Jes Kirkwood on November 15th 2021
Jes Kirkwood on January 4th 2022
Jes Kirkwood on December 14th 2021
Jordan Seaton on December 7th 2021
Jes Kirkwood on December 7th 2021
Jes Kirkwood on December 1st 2021
Geoffrey Keating on November 23rd 2021
All I want for Christmas is a customer data platform that makes it through the holidays.
Not your average wish-list headliner, except among infrastructure teams dealing with peak requests that are at least five times greater than the average load.
An outage during any of the peak shopping season events —Thanksgiving, Black Friday, 11/11 in China, Christmas—can easily cost you your festive mood and your company hundreds of thousands to millions of dollars.
At least 48 prominent brands experienced technical problems on 2020's Black Friday. Luckily, you don't have to put your fate in the hands of Santa or anyone else to make your wish come true. You can turn the holidays—and other peaks—into business as usual with proper and timely preparation.
We've put together five peak-season best practices for your data infrastructure that get you ready for some peaceful time off while the business keeps humming along.
Start preparing by revisiting the data and lessons learned from last year's holidays or another peak event. While historical performance isn't a mirror of the future, it's a helpful starting point for your preparations.
When making your projections, consider industry data like the above chart for the eCommerce sector, which shows and predicts that overall online sales will keep increasing.
These are common characteristics of peak events you should expect to find in your historical data, according to the Google Cloud blog:
Traffic increases of 5 to 20 times (or even greater).
Higher conversion rates and a more considerable burden on back-end systems—like payment processing—than on the front end.
Rapidly increasing traffic in a short period as the event starts.
A trailing decline to normal levels that's much slower than the acceleration to the peak level.
Not every business runs into a peak over the holidays—another good reason to check your historical data before acting.
Looking at Segment's data, for example, on average across all our customers, we saw a decrease of 30% in traffic during Thanksgiving.
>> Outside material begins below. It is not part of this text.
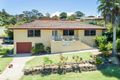 Property photo of 51 Leonay Parade Leonay NSW 2750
But for those in online retail, we observed surges of up to 1,000% for several hours during peak time.
Once you've collected your historical data, you want to consider what major changes have happened since then. Ask yourself:
What systems have we rolled out or refactored significantly?
What major features or services have we launched?
What new sources of data have we plugged into our data stack?
What types of customers, partners, and other vendors have we added or changed?
Note any such changes, especially if you haven't tested them under significant amounts of load. You'll want to pay special attention to these in the subsequent steps of your preparation.
You'll also want to reach out to colleagues in other departments to get their projections for the upcoming peaks. Forecasts for sales revenue, inventory, and shipping, as well as marketing initiatives, will all give you insights into what kind of volume to plan for.
Most people and businesses make plans for the holiday season. Whether you work directly with consumers (B2C) or other businesses (B2B), reach out and learn their plans so you can further improve yours. Also, talk to partners you rely on—like us, Segment, or cloud providers like AWS or Google—so they can make the necessary preparations, too.
In a B2C business, you want to understand how consumer behavior might change compared to last year. Maybe a new type of device is more popular now or a different social media channel. Such changes can affect loads on different areas of your system or require you to collect new data events. You also want to check which product launches, special offers, and other marketing campaigns look like upcoming holiday hits. Short of coordinating research interviews directly with customers—never a bad idea—heading over to the folks in marketing, growth, or research should get you plenty of insights.
For a B2B-focused company, you want to understand what the businesses you serve are planning for their customers. Your customer should be running through a preparation exercise similar to what we're outlining here. Figure out where you can best support them in this process and the kind of numbers they're expecting, and agree on how you'll cooperate over the holidays.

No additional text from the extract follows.